Emeksiz’in adı sokaklara, okullara ve hatta vapura verilmişti, bir büstü de yakın zamana kadar Cağaloğlu’ndaki Eminönü Halk Eğitim Merkezi binası önünde duruyordu. Bina Birlik Vakfı’na devredilince büst de Emeksiz’in ölümünün 56. yılında meçhule sürgüne gönderilmiş, şimdi ne Emeksiz’in büstü, ne de arkasındaki Atatürk büstü var ve nerede oldukları belli değil.

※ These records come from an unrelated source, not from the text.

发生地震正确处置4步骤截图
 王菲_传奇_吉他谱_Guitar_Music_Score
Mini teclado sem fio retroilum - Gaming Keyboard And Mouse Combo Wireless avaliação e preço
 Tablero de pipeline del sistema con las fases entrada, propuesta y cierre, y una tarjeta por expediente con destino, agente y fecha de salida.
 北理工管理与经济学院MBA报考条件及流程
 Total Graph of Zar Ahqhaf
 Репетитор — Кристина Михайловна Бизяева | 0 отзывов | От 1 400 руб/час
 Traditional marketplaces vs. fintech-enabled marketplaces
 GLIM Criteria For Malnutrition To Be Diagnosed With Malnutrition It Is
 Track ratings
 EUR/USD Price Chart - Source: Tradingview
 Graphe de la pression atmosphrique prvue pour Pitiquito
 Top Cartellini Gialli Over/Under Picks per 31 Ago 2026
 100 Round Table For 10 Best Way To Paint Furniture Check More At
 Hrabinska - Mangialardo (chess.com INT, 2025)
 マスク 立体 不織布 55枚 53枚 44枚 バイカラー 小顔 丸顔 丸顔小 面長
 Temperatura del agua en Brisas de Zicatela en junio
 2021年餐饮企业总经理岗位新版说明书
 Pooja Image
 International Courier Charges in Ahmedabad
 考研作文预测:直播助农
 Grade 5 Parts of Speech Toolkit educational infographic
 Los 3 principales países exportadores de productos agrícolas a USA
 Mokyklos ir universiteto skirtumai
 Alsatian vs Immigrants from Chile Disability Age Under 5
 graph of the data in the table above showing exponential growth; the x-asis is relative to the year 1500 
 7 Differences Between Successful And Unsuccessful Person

27 Mayıs’ı hatırlarken öncesinde yaşanan 28 Nisan’ı unutmak, 1960’ı doğru değerlendirememek sonucunu doğurur. Bu tarihi olayın tam manasıyla anlaşılmasını sağlamak için, tarihten kahramanlar seçmek yerine, tüm kahramanlar günahlarıyla ve sevaplarıyla değerlendirilmeli. ‘Köpek’ ve ‘bebek davalarını’ öne çıkarıp Tahkikat Komisyonu ve buna karşı yapılan eylemlerdeki polis şiddetini unutmak, madalyonun bir yüzünü kasti olarak karartma anlamını taşır. Ne yazık ki 28 Nisan’da gösteride bulunanlar yakın zamana kadar yapılan anmalarda ‘derin devletle bağlantılı’ veya ‘darbe şakşakçıları/piyonları’ olarak gösterildi. Bu, o günün şartlarını anlayamamak sorunu yarattığı gibi, bugünkü demokratik eylemler için üretilen komplo teorilerine meşruiyet sağlıyor çoğunluğun gözünde, maalesef.
Tarihi olaylar 27 Mayıs örneğinde olduğu gibi birilerini aklayıp demokrasi kahramanı çıkarmak ve tarih-tekerrür ilişkisi içinde bugüne siyasi mesajlar yollamak için kurgulandığı sürece bu ülkede gerçek anlamda bir tarihten bahsedilemez. Geçtiğimiz yıllarda ‘resmi tarihle’ yüzleşenlerin hepsi bir tür ‘yeni resmi tarih’ yazmaktan başka bir iş yapmadılar, günlük siyaset uğruna tarihi olayları istedikleri gibi eğip bükmekten hiç de imtina etmediler.
İşin kötüsü, darbelere karşı olma hevesiyle Menderes’i kahramanlaştırmak için “Siz isterseniz hilafeti bile geri getirebilirsiniz” gibi cümleleri görmezden gelmek, bugün laikliğin tartışılmasına zemin oldu belki de. Ve yine belki de 28 Nisan’ı unutmak, oradaki polis şiddetini konuşmamak, Gezi’yi yaşattı bizlere. O yüzden tarih bir bütün olarak değerlendirilmeli, demokratlık yalnızca darbelere karşı durmakla sınırlanmamalı.